I don’t know if these little dome reinforcements have something to do with the sound, or they are a mere structural reinforcement. I’ve read in Meltrope adverts (Gramophone) that these soundboxes had a patented spider. I’ve not found any spider. I don’t think this could refer to the little dome reinforcements; they are very small and only cover the small central dome of the diaphragm. An orthophonic spider carries the needlebar vibration to an intermediate ridge in the diaphragm (at ½ of radius). The Bettini diaphragms had an arrangement of stiff bars carrying the vibrations to several points around the centre of the diaphragm. This is the same principle of the orthophonic spider, but a small dome in the centre...?

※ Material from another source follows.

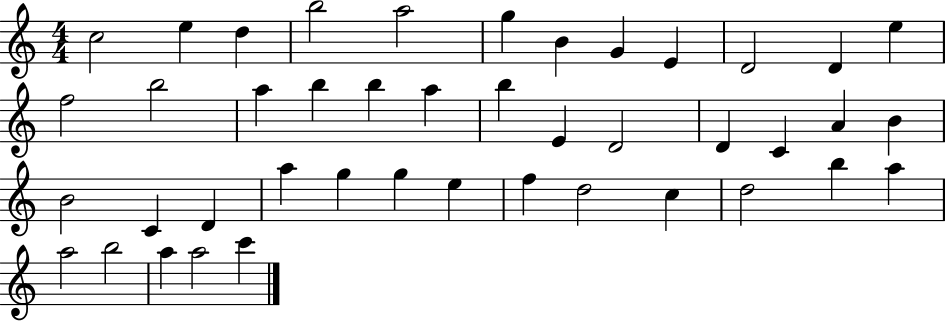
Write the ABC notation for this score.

Anyway, I reassembled the diaphragm on the soundbox, well centred, etc., using the new rubber tubing, adding some vaseline to make it all slippery and easier to adjust. I added the small bearing balls and adjusted the cover.

At first I noticed that the two ‘pressing’ screws nearest to the fulcrum plate exerted too much pressure on the balls and the stylus was less free to move, and the sound was not good. I adjusted them first at mid-depth, exerting just a small pressure on the fulcrum. Some investigation and a later adequate bending of the cover legs that hold the balls in place allowed to install the screws at full depth but exerting only a slight pressure on the balls. Just to avoid rattle. The other way looked no good at all with the screws at mid-depth, and needed fixing them with glue. The cover never rested flat on the soundbox body.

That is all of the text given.